As I write this in the midst of a global pandemic, we are collectively grieving countless losses and desperately seeking answers to quell our fears of what’s to come. The economy is nosediving and many face grave illness or even death. Some can’t see past the fog of new living restrictions and are calling to reopen the economy because they believe it will save us. Others are choosing to stay home, risking economic fallout, to protect the lives of the vulnerable.

When afraid, we turn inward. I see fear and loneliness in the rich man. He’s focused on an individual path, leading to his personal salvation, while missing the full picture. The man’s wealth may cause him comfort, but it does not exist in a vacuum. His wealth affects the lives of others—particularly those at the margins of society.

Jesus offers the rich man spiritual grounding that completely threatens his financial stability, but it’s good news just the same. Jesus reveals to the rich man the truth that we are all connected. Jesus chooses to name commandments concerning interpersonal relationships and community. Jesus offers the rich man freedom from his entanglement with wealth, and gifts him belonging and a way forward. The rich man feels the weight of this truth. To “enter this life” he must recognize his responsibility for his neighbor, because our lives are interwoven.

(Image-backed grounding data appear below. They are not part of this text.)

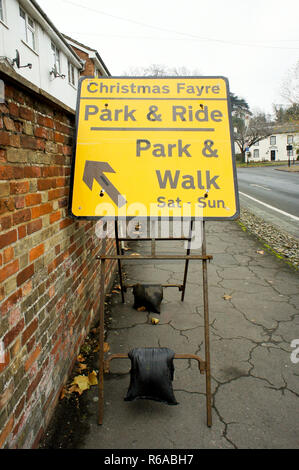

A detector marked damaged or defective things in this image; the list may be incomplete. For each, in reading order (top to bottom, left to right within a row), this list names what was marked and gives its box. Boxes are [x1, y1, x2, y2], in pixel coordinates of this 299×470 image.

cracked asphalt pavement [82, 222, 299, 450] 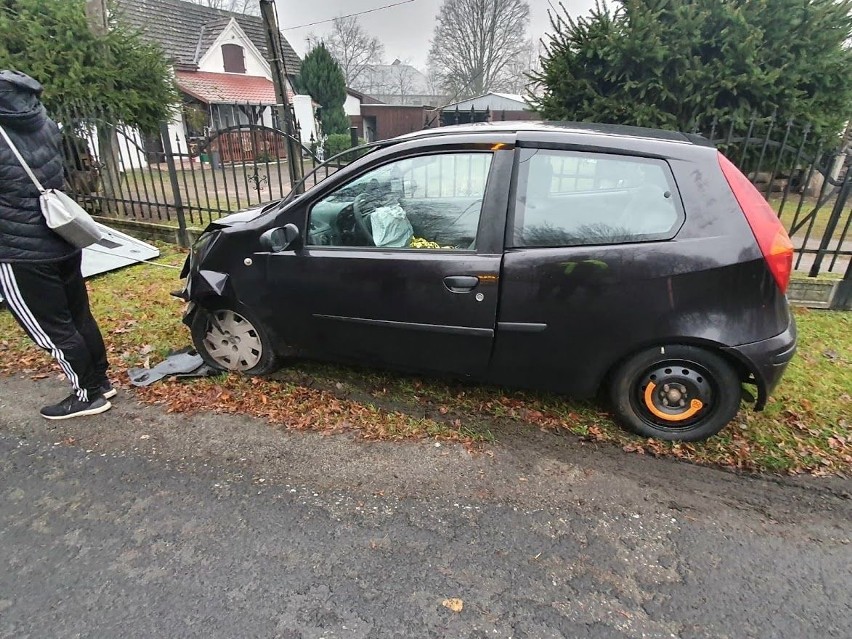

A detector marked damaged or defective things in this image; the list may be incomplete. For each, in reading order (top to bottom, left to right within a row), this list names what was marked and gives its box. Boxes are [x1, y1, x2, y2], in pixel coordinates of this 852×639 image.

black damaged car [176, 125, 796, 444]
crashed hatchback [180, 121, 800, 440] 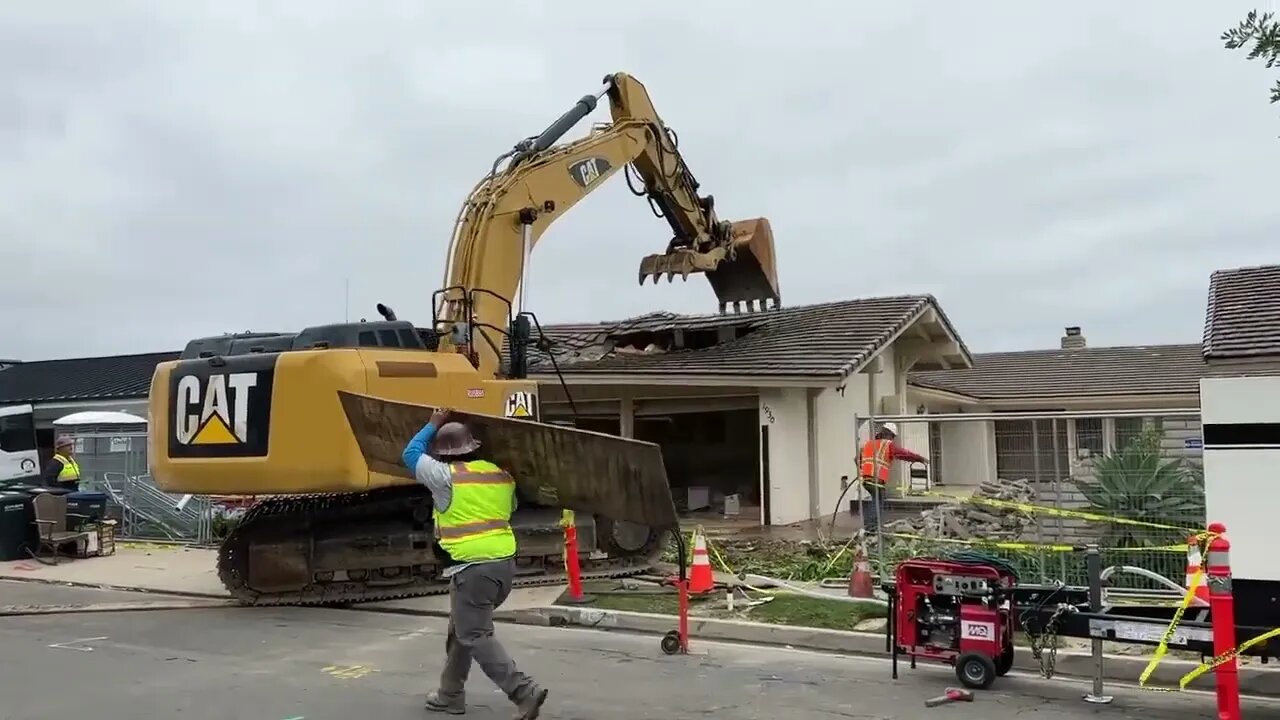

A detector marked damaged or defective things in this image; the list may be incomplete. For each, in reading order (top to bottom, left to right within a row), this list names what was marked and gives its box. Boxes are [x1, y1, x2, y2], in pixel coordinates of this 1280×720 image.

damaged roof [519, 294, 967, 379]
damaged roof [916, 340, 1203, 397]
damaged roof [1198, 260, 1280, 358] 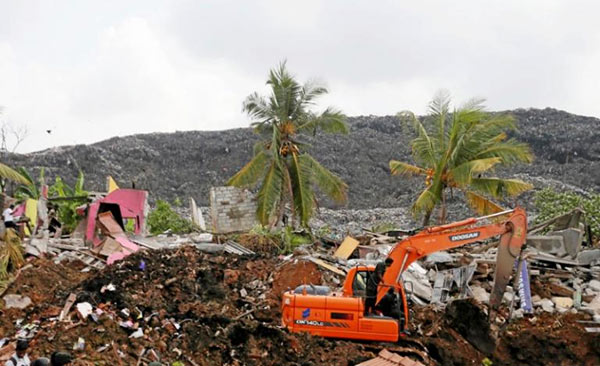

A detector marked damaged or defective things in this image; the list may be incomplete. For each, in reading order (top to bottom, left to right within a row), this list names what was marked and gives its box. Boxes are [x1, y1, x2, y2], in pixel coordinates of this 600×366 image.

rusted metal sheet [356, 348, 426, 366] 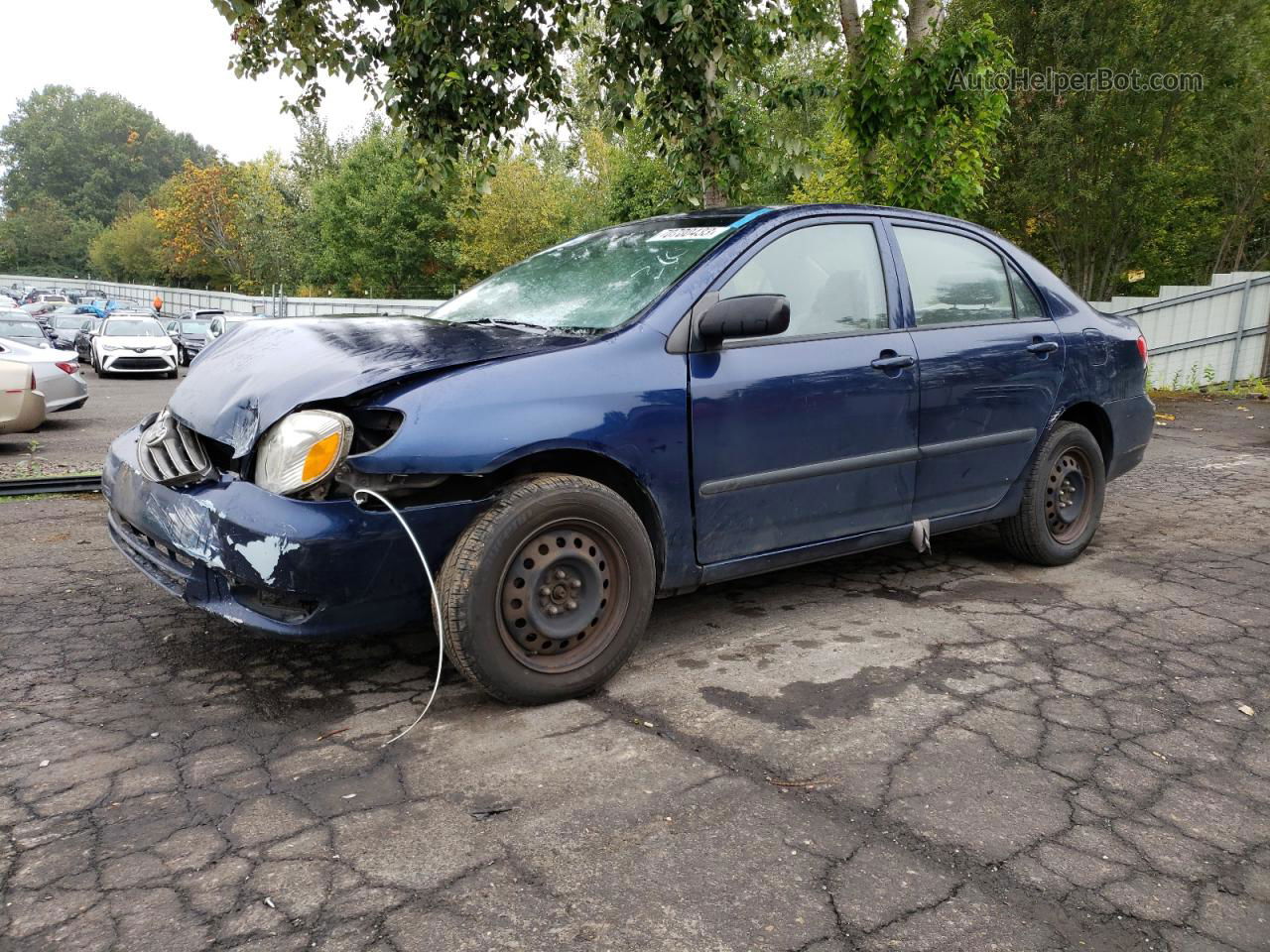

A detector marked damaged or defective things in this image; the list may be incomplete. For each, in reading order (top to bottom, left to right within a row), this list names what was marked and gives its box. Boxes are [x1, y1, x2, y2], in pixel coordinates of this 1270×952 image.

dented front bumper [104, 430, 488, 639]
broken headlight [256, 409, 353, 498]
crumpled hood [167, 315, 583, 458]
damaged blue sedan [101, 204, 1151, 702]
cracked asphalt [2, 397, 1270, 952] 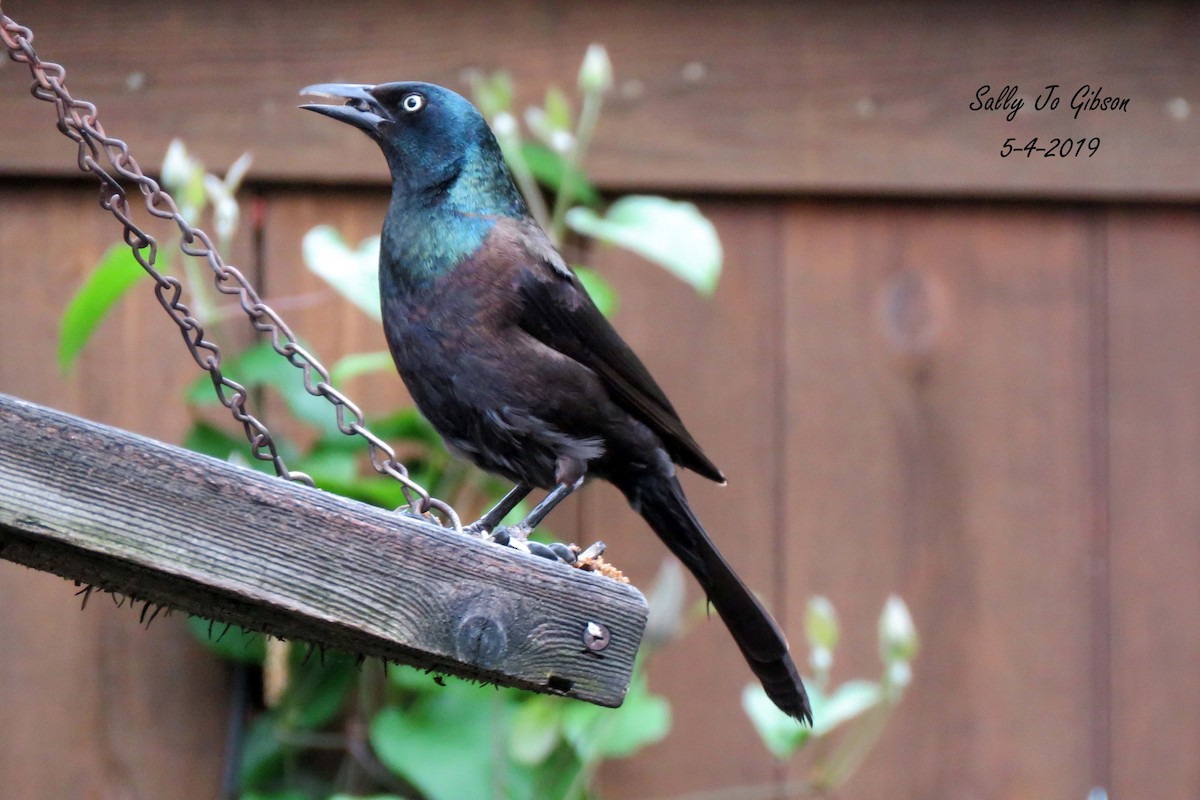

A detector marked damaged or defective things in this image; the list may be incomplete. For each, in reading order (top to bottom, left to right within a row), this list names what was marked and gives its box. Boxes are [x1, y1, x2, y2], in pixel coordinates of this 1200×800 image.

Instead of grasping to Jesus’ lifeline, the rich man turns away because he cannot fathom losing everything. His grief feels palpable in this time of upheaval. I meditated on his grief, layering dusty purples, muted greens, and chalky blacks. I imagine the rich man isn’t turning away from Jesus altogether. Perhaps he’s taking space to feel his grief, processing all he will lose so he can truly find release.

Jesus invites us to enter into a life of generosity and gratitude, recognizing how we are designed to care for and love our neighbors to whom we are connected. Jesus reminds us that we are not identified by how we consume but by how we too release.

            Amen.


[1] Festival of Homiletics 2009, Atlanta, Georgia. Lecture by Brian McLaren—”Preaching and the New World Reality: The Seismic Economic and Social Shift Happening Now” 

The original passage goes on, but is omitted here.